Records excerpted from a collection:

Start of Block

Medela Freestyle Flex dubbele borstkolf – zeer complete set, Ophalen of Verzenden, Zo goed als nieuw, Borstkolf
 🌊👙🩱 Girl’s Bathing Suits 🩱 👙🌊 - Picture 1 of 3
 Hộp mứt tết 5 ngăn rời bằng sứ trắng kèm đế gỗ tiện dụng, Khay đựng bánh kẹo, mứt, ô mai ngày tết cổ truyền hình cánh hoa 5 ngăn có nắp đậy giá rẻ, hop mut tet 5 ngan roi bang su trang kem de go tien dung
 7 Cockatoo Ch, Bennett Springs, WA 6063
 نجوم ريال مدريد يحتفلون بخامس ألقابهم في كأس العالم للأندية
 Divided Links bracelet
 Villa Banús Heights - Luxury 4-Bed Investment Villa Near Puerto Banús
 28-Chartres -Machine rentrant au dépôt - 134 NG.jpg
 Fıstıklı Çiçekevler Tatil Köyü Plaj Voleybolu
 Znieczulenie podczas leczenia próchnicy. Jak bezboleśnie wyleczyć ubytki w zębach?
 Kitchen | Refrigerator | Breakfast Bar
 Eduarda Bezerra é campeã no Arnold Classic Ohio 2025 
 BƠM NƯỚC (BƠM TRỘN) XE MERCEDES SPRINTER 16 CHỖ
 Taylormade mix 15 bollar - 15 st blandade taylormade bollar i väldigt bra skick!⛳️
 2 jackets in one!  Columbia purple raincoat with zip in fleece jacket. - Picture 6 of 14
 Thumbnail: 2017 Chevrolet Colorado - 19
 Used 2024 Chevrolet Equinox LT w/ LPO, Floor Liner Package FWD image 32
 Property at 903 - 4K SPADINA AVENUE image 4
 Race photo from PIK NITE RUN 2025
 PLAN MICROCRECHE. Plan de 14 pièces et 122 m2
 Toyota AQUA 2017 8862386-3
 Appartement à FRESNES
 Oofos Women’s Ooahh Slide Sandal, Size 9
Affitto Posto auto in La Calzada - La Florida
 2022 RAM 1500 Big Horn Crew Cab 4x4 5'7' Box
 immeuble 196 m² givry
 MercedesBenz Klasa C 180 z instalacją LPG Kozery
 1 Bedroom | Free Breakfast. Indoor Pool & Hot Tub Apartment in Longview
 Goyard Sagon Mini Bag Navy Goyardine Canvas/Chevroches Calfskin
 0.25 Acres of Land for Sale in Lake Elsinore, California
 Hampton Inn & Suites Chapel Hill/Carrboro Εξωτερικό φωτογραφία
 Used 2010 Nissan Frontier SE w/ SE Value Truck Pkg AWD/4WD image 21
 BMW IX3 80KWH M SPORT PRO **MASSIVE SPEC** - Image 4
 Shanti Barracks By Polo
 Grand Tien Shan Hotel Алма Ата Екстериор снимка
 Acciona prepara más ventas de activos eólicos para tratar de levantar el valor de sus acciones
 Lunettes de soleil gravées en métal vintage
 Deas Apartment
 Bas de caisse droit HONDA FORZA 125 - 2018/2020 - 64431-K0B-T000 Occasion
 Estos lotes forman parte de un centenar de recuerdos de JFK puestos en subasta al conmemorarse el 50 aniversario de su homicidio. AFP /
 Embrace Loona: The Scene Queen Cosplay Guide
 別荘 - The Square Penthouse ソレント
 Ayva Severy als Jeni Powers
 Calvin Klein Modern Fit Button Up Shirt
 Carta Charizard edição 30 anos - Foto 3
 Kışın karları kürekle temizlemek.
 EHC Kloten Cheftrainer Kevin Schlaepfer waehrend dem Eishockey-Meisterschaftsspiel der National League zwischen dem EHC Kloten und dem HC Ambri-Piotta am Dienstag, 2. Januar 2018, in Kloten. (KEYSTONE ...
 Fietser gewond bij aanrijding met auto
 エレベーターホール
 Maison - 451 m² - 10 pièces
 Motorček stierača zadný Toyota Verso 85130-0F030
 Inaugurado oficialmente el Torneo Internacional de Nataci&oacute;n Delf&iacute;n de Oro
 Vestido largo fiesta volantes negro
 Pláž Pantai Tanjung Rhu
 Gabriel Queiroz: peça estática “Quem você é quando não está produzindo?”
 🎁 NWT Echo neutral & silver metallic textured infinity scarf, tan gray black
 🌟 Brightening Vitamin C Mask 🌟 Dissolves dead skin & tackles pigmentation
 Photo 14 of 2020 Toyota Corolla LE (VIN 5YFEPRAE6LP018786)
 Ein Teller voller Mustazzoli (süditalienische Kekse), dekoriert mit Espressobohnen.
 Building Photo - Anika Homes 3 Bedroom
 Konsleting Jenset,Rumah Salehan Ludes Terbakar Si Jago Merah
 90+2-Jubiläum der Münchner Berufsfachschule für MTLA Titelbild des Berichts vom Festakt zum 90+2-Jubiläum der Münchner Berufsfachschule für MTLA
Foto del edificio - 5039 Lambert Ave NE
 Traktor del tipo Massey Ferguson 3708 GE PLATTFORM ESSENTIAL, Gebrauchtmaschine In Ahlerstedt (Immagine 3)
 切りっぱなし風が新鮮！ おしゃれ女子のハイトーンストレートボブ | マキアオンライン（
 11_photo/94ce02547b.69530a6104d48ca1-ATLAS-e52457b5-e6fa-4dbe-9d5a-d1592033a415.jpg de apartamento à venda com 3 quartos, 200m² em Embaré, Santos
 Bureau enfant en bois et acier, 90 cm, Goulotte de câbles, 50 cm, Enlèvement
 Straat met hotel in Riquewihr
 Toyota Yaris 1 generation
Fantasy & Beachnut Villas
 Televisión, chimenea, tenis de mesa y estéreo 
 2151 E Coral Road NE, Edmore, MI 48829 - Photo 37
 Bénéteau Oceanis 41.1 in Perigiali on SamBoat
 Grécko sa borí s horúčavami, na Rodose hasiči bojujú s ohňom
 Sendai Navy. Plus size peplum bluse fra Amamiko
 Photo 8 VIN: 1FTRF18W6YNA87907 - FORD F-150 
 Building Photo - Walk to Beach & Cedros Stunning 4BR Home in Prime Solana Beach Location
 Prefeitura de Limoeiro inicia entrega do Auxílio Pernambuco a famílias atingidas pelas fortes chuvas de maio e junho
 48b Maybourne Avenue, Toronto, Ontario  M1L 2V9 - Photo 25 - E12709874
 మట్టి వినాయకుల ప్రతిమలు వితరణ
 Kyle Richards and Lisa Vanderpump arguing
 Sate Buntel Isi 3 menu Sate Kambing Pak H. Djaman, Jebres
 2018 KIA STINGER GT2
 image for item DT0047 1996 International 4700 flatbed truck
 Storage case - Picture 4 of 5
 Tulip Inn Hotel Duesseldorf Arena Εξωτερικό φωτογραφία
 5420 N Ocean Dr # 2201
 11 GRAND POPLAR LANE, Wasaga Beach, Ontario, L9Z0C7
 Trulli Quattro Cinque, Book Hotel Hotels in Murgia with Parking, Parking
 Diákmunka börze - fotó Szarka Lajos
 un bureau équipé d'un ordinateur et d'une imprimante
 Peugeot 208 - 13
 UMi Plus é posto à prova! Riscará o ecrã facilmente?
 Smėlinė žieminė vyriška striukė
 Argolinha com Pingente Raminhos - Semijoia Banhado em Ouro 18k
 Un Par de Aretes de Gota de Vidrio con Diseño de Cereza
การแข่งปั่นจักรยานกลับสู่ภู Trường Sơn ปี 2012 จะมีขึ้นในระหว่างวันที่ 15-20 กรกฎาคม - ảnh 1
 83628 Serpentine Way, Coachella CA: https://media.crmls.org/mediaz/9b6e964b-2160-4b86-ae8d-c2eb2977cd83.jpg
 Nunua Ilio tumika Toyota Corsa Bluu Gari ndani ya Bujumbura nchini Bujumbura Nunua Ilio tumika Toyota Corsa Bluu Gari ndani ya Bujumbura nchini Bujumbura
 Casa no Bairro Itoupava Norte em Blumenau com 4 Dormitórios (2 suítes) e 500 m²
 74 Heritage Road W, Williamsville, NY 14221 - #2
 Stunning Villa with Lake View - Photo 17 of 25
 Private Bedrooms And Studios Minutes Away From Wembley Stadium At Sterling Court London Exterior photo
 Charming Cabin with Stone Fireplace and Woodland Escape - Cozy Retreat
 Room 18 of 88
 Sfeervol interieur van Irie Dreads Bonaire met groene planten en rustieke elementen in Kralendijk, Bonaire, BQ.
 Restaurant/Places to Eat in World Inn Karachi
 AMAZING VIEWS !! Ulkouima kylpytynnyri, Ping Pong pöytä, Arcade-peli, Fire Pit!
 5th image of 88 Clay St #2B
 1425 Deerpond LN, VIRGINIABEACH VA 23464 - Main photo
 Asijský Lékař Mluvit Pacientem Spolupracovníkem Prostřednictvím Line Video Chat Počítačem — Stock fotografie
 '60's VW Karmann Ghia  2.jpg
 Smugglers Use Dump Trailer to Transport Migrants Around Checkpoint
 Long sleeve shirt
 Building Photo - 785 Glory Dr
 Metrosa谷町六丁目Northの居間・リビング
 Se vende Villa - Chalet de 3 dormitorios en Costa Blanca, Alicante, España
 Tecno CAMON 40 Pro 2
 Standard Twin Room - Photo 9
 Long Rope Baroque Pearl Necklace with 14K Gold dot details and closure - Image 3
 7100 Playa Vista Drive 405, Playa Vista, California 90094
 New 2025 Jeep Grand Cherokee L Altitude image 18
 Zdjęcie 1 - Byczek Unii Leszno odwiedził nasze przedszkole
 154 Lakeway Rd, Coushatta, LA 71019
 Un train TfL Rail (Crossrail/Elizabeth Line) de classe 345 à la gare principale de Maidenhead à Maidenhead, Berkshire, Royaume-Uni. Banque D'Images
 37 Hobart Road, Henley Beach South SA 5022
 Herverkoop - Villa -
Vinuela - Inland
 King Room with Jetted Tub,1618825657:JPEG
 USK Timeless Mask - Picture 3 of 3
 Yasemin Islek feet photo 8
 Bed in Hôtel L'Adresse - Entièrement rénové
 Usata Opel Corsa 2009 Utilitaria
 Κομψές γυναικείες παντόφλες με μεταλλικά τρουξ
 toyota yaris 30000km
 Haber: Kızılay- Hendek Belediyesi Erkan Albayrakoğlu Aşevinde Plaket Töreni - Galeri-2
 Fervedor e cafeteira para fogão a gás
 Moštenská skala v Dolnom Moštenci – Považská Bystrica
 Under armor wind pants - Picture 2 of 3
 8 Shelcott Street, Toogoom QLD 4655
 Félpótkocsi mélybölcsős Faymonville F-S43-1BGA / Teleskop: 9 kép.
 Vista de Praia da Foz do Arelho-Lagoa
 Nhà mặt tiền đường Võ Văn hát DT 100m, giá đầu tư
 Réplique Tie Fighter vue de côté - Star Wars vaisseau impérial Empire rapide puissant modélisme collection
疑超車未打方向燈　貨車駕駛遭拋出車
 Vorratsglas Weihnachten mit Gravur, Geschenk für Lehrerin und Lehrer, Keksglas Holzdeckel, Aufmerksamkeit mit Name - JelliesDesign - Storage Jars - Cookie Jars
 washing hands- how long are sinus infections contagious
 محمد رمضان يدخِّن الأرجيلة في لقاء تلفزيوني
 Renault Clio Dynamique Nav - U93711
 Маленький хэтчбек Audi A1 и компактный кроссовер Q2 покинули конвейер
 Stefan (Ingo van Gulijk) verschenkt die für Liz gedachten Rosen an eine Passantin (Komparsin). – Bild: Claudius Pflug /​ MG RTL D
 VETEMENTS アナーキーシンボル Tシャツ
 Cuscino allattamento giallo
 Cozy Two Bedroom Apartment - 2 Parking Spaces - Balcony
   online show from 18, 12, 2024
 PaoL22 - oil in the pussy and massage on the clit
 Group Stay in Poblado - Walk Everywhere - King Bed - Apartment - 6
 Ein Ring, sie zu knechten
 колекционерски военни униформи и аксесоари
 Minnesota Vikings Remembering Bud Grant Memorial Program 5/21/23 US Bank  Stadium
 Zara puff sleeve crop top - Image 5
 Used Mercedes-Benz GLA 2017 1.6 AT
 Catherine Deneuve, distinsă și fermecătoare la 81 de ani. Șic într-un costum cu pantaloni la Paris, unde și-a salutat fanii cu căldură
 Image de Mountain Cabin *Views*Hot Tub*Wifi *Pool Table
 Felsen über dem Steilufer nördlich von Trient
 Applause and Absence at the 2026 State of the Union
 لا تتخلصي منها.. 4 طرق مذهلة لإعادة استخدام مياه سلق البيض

End of Block

● **Work order**: Your answer should be the lines of the records that hold the string "Pool".

● **Problem solution**:
 1 Bedroom | Free Breakfast. Indoor Pool & Hot Tub Apartment in Longview
 Image de Mountain Cabin *Views*Hot Tub*Wifi *Pool Table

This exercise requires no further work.